Data: The Most Useful Statistics for Troubleshooting Tanzu GemFire Deployments

Introduction

Each member of the Tanzu GemFire DistributedSystem produces a variety of statistics including ones in these categories:

Operating System
Java Virtual Machine (JVM)
JVM heap memory
JVM garbage collection
Peer to peer requests
Client to server requests
Cache performance

If the statistic-sampling-enabled property is set to true, then the statistics are periodically written to an archive file configured by the statistic-archive-file property. The main way to view the file is to use the Visual Statistics Display (vsd) tool. See the documentation here for additional details on producing the statistics file. See the documentation here for additional details on vsd.

Some of these statistics are helpful in troubleshooting most issues; some are more obscure and only apply to narrow situations.

This article describes the statistics that are most useful when troubleshooting issues, and in some cases, relationships between the statistics.

Most Useful Statistics

All of the statistics are grouped into categories. The most useful categories are listed below. The most important statistics in each category are described in the following sections.

VMStats — statistics for the JVM
VMMemoryPoolStats — statistics for JVM heap memory
VMGCStats — statistics for JVM garbage collection
StatSamplerStats — statistics for the statistics sampler itself
ResourceManagerStats — statistics for heap monitoring
PartitionedRegionStats — statistics for partitioned regions
LinuxSystemStats — statistics for the operating system
DistributionStats — statistics for peer to peer requests
CacheServerStats — statistics for client to server requests
CachePerfStats — statistics for cache performance

`VMStats`

The VMStats instance groups together all the statistics related to the JVM process including:

fdsOpen / fdLimit — indicate the current and maximum number of file descriptors in the JVM retrieved from the UnixOperatingSystemMXBean provided by ManagementFactory.getOperatingSystemMXBean(). If the number of open file descriptors reaches the limit, then an exception with ‘Too many open files’ will occur.
processCpuTime — indicates the processing time of the JVM CPU retrieved from UnixOperatingSystemMXBean from ManagementFactory.getOperatingSystemMXBean(). This statistic shows how much of the total host CPU (see LinuxSystemStats) is accounted for by the JVM.
threads — indicates the number of threads in the JVM retrieved from the ThreadMXBean provided by ManagementFactory.getThreadMXBean()

`VMMemoryPoolStats`

A VMMemoryPoolStats instance groups together all the statistics related to a java heap memory space. Examples include CMS Old Gen, Par Eden Space, G1 Eden Space and G1 Old Gen. One is created for each of the MemoryPoolMXBeans provided by ManagementFactory.getMemoryPoolMXBeans().

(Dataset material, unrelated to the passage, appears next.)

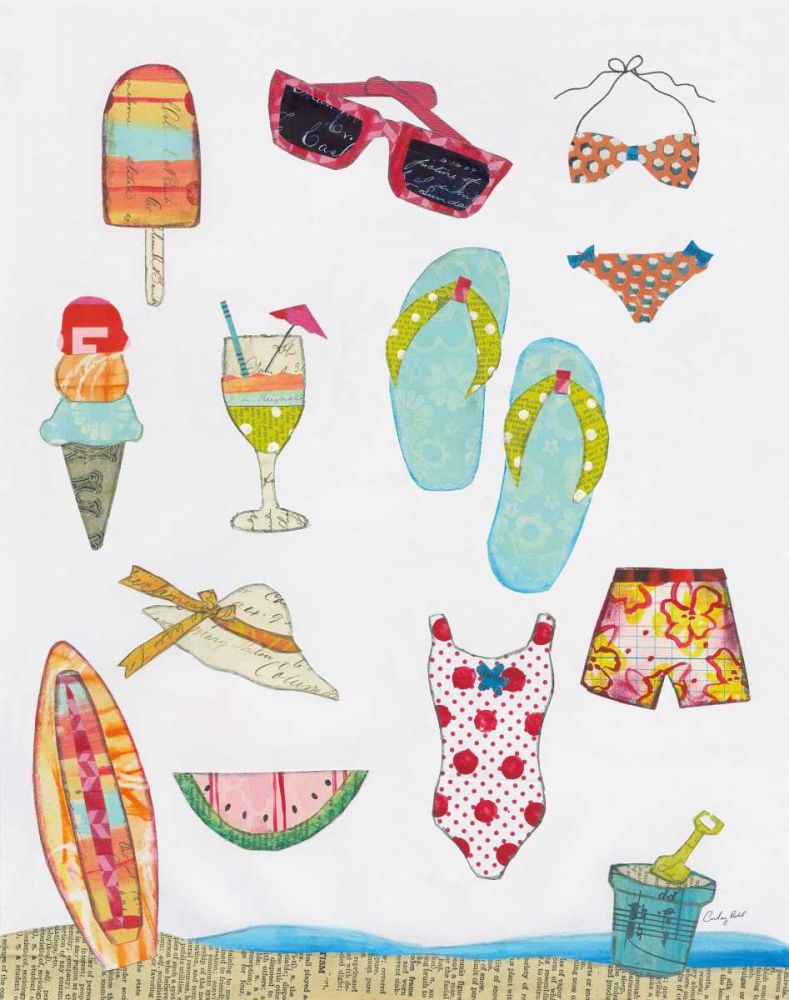 At the Beach II v2 art print by Courtney Prahl for $57.95 CAD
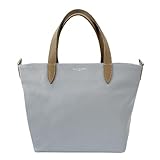 [サロンドアルファード] トートバッグ レディース レザー 本革 軽量 小さめ 小さい おしゃれ 大人 ミニ バッグ (シエロ×モカ)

currentUsedMemory — indicates the current heap usage of the JVM
currentMaxMemory — indicates the maximum heap usage of the JVM

`VMGCStats`

A VMGCStats instance groups together all the statistics related to a java garbage collector. Examples include ConcurrentMarkSweep, ParNew, G1 Old Generation and G1 Young Generation. One is created for each of the GarbageCollectorMXBeans provided by ManagementFactory.getGarbageCollectorMXBeans().

collections — indicates the number of garbage collections
collectionTime — indicates the garbage collection time in nanoseconds. Spikes in this statistic may cause members to be disconnected from the DistributedSystem and may require garbage collection tuning or adjustments to the configured heap or region configuration (e.g. add or change heap LRU eviction).

`StatSamplerStats`

The StatSamplerStats instance groups together all the statistics related to statistic sampling.

delayDuration — indicates the delay between samples taken by the statistics sampler thread . The HostStatSampler’s statThread samples statistics periodically based on the statistic-sample-rate property. If the statThread doesn’t sample when it should, the delayDuration will show a spike. This often indicates a resource issue (e.g. GC or CPU) and helps narrow the time frame for investigation.
jvmPauses — indicates the number of JVM pauses. This statistic is incremented when the delay between statistics samples is greater than three seconds. This time is configurable via the gemfire.statSamplerDelayThreshold java system property.

`ResourceManagerStats`

The ResourceManagerStats instance groups together all the statistics related to the monitoring of heap usage.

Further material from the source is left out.